目先は11日にパキスタンの首都イスラマバードで開催される予定の米国とイランの和平協議が進展するか注目されます。レバノンを含む停戦やイランのウラン濃縮、ホルムズ海峡の管理を巡って両国の認識のずれが露呈し始めており、イスラエルの存在が交渉の大きな障壁になるとの見方もあるようです。
交渉が決裂するようですと、投資家のリスクオフ姿勢が強まり、再度200日平均線を割り込む可能性がありそうです。一方で、停戦合意の実効性に懐疑的な見方が多い中、半歩でも交渉が進展すればアナウンス効果は大きく、一段高となることも想定されます。
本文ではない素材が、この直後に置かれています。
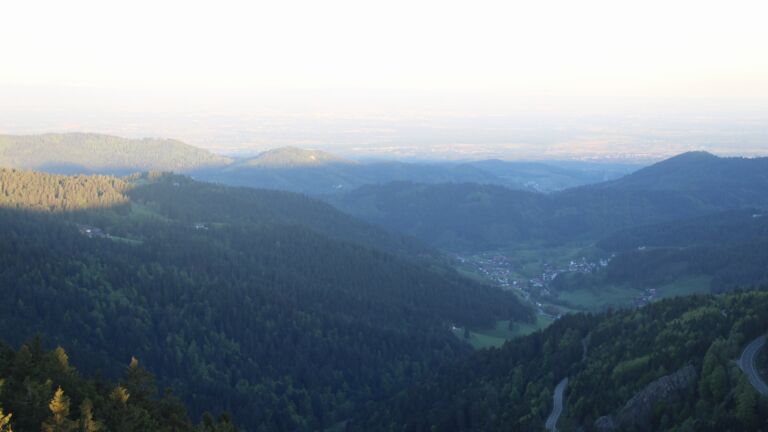 Dieses Bild zeigt eine Webcam-Aufnahme vom Achertal, aufgenommen am Donnerstag, den 30.04.2026 um 06:40 Uhr. Die Temperatur betrug 2°C.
当面は和平協議に関するヘッドラインに揺さぶられる展開が続きそうですが、物流や空運などで構成するダウ輸送株平均が9日に最高値を更新。主要な半導体関連銘柄で成り立つフィラデルフィア半導体株指数(SOX)も連日で最高値を更新するなど、米国株が反転する兆しが出始めております。
テクニカル的にもMACDが上昇し始める中、50日平均線や2月10日の高値50512.79ドルから3月30日の安値45057.28ドルの下げ幅をフィボナッチ・リトレ―スメントで見た場合の半値戻し水準47785.04ドルを上抜いただけに、このまま61.8%戻し水準48428.79ドルや一目均衡表の雲を上抜くことが出来るか注目されます。